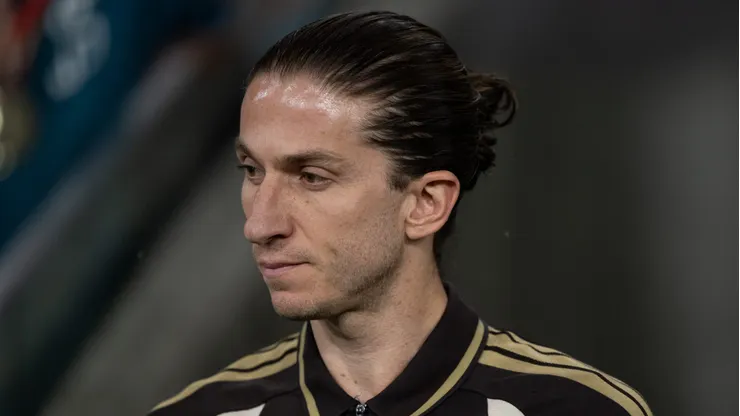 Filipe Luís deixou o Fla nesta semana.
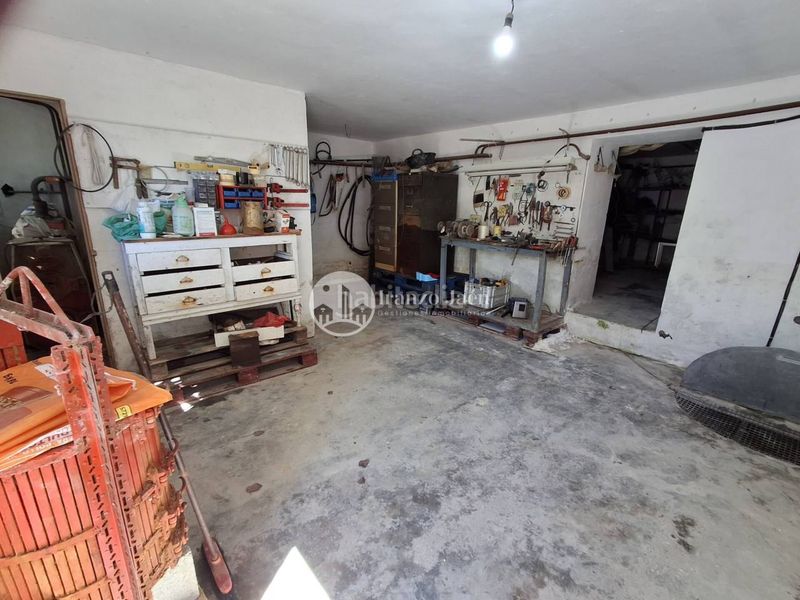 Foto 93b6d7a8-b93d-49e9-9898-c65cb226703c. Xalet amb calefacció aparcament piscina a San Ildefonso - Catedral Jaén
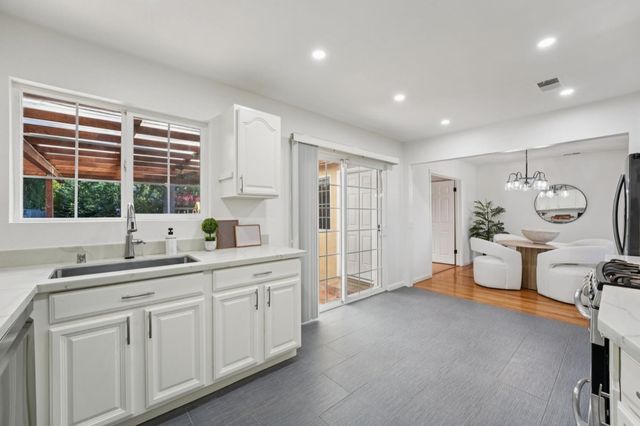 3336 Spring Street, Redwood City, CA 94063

-*-*-

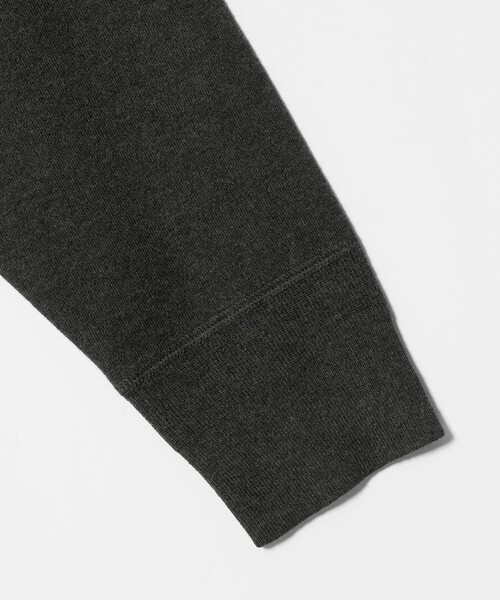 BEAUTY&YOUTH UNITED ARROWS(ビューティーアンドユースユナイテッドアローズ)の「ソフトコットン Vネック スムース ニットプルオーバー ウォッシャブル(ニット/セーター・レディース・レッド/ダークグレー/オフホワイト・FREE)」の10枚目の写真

-*-*-

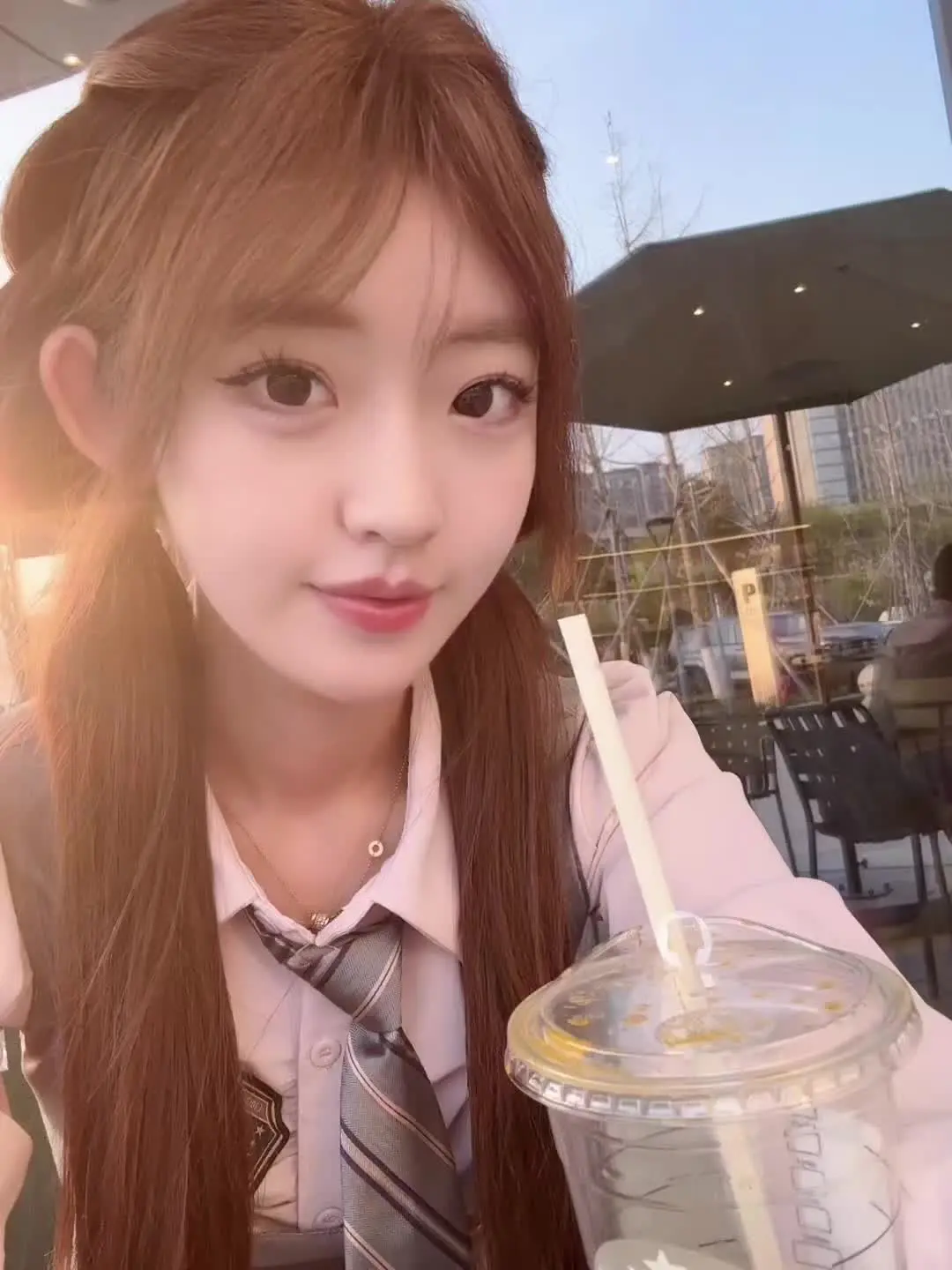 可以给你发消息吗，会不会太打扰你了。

-*-*-

▶ _WHAT THE EXERCISE ASKS_
Exact copy, pictures excluded: from the line with "Filipe Luís deixou o Fla nesta semana." up to and including the line with "3336 Spring Street, Redwood City, CA 94063" in the data above.

▶ _TASK SOLUTION_
 Filipe Luís deixou o Fla nesta semana.
 Foto 93b6d7a8-b93d-49e9-9898-c65cb226703c. Xalet amb calefacció aparcament piscina a San Ildefonso - Catedral Jaén
 3336 Spring Street, Redwood City, CA 94063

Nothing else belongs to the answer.